Re: SBML L2v2 specification vote #4: References to controlled vocabularies
16 Dec '05 11:43
The advantages of the sboTerm (as I understood it, but someone
please correct me if I'm wrong) are:
1) A compiled program can read in a unique identifier classifying a
reaction / species / kinetic parameter and match it to a list of
hard-coded reaction rate laws.
Without the unique identifier, the compiled program must parse the
MathML expression in the kineticLaw and repeatedly evaluate the
expression using a relatively expensive operation.
2) Two MathML expressions may be (string-wise) different, but are in
fact algebraically identical. How do you a) simplify the algebraic
expression to the least expensive form for evaluation b) test if two
MathML expressions are algebraically identical? (a) is important if
you are parsing the MathML expression and evaluating it. (b) is
important if you want to compare two models, analyzing the differences
in reaction rate laws/etc. It is also easier to label a species as
'Inhibitor' and the reaction 'Michaelis Menten Inhibition' than to parse
the MathML reaction rate law expression and identify which variable in
the MathML expression is the inhibiting species.

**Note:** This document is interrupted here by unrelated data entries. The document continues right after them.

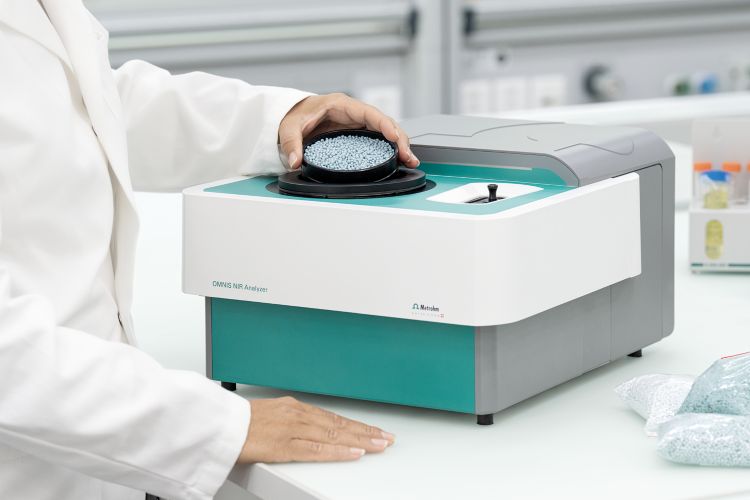 OMNIS NIRS, OMNIS NIR Analyzer, Liquid/Solid, Polymer Analysis, Large Cup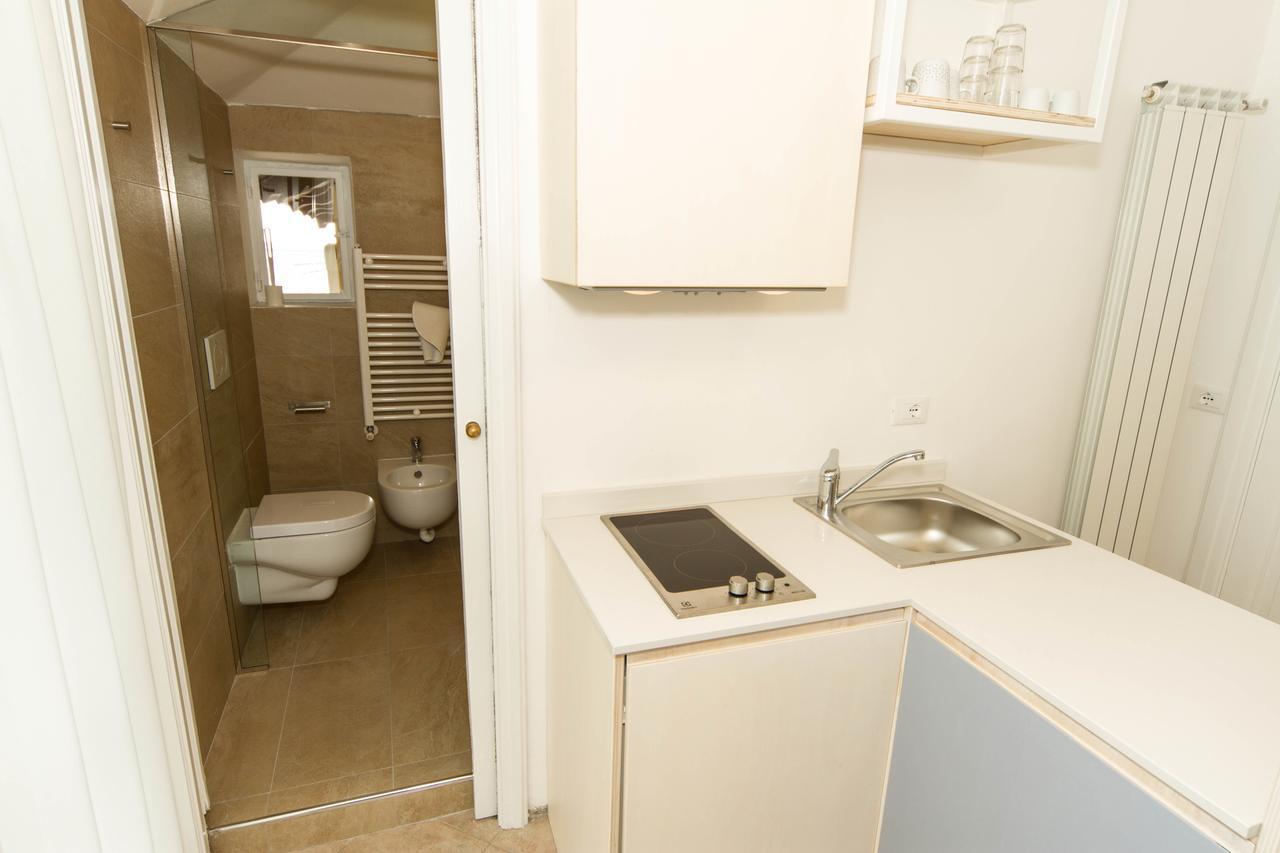 Residence Villa Ombrosa Spotorno Buitenkant foto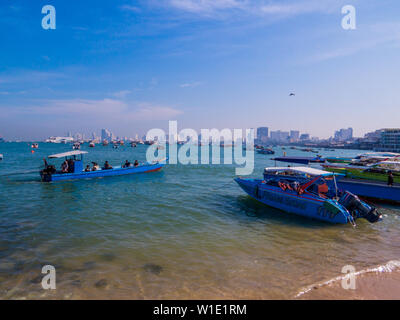 PATTAYA, THAILAND - Dezember 25, 2018: Boote in der Nähe des Bali Hai Pier. Stockfoto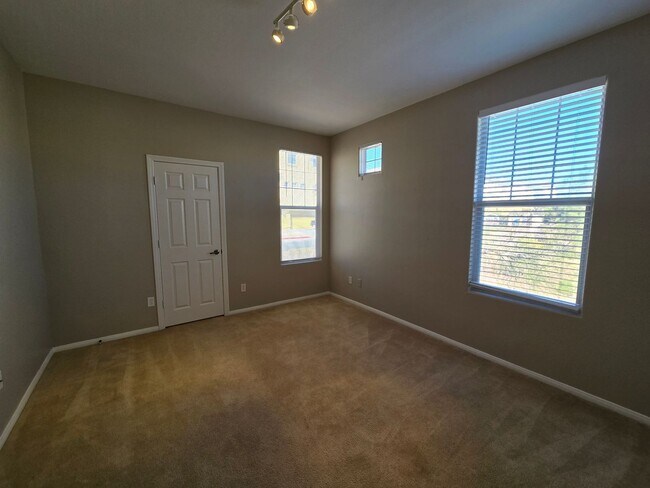 Building Photo - Awesome 2 bedroom 2 bath unit!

3) It is much easier to make a mistake in the reaction rate law than in
the sboTerm, in my opinion. There are many (in fact, infinite) ways to
write down the standard Michaelis Menten expression, but there will only
be one unique identifier for that expression.
4) Not everyone programs in an interpreted or object-oriented language.
You have to understand that most supercomputers do not use Java and new
architectures usually do not have the Python/Perl/etc interpreters
ported in a timely fashion. How often do new & useful architectures
arrive? Consider the Sony/Toshiba/IBM Cell processor and its potential
use in scientific computing.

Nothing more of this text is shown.